Well, that's not quite what's happening, but we're getting pretty damn close to that dream. NASA's plan to send a spacecraft on am ambitious project to touch the Sun is now reportedly in its final phase before launch. Kicking off next July, the plan is to send the car-sized Parker Solar Probe into the Sun's corona to study high-speed solar winds.
Travelling at more than 720,000 kilometres per hour, the probe will come within less than 6.4 million kilometres of the Sun's surface. That may not seem close, but I promise you that it is exceptionally hot at that point. You would not enjoy being 6.4 million kilometres from the Sun's surface.
"This may not sound particularly close — but if you think of the Sun and Earth as being 1 metre apart, then our spacecraft would be located just 4 centimetres from the Sun," says mission project scientist Dr Nicola Fox.
How's the spacecraft gonna survive the heat? Well, it has a helluva shield on it – 2.3 metres wide and 11 centimetres thick. It's made up of a kind of carbon foam sandwiched between two think sheets, then covered in aluminium oxide.
The point of this mission is to answer questions about solar winds and the corona on the outside of the sun – including the question of why the corona is at least 300 times hotter than the core.
It's expected that after launching next year, it will come closest to the Sun on December 19, 2024. What a lovely Christmas present if the world still exists at that point (questionable).
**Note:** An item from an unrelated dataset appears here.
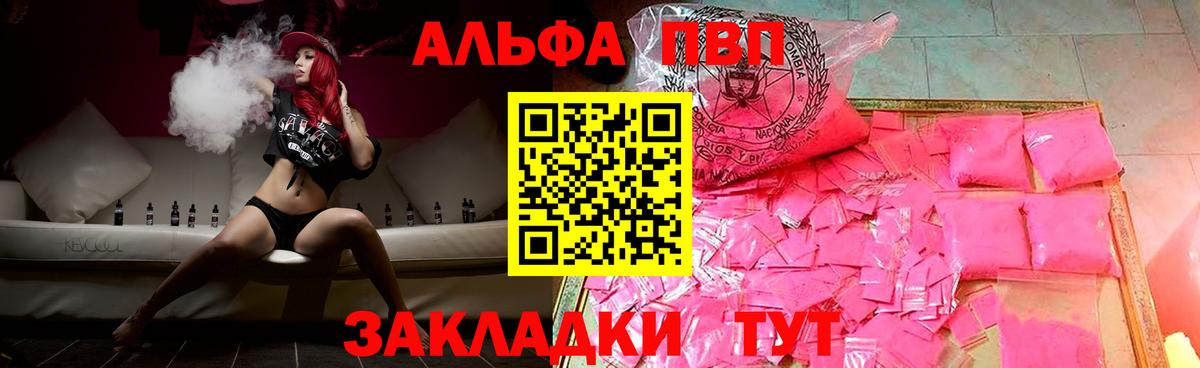 Alpha-PVP  APVP Crystall  Вход с VPN  Alpha-PVP Соль  Кыштым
Dr Fox described the final parts of their preparation:
The mission team is assembling the spacecraft and heat shield, testing the software and systems, putting everything through the incredible rigorous simulations and environmental tests that will make sure it's ready to launch in 2018.
OK. But how do we get in on this? Extremely keen to be on that spacecraft as it is launched into the Sun.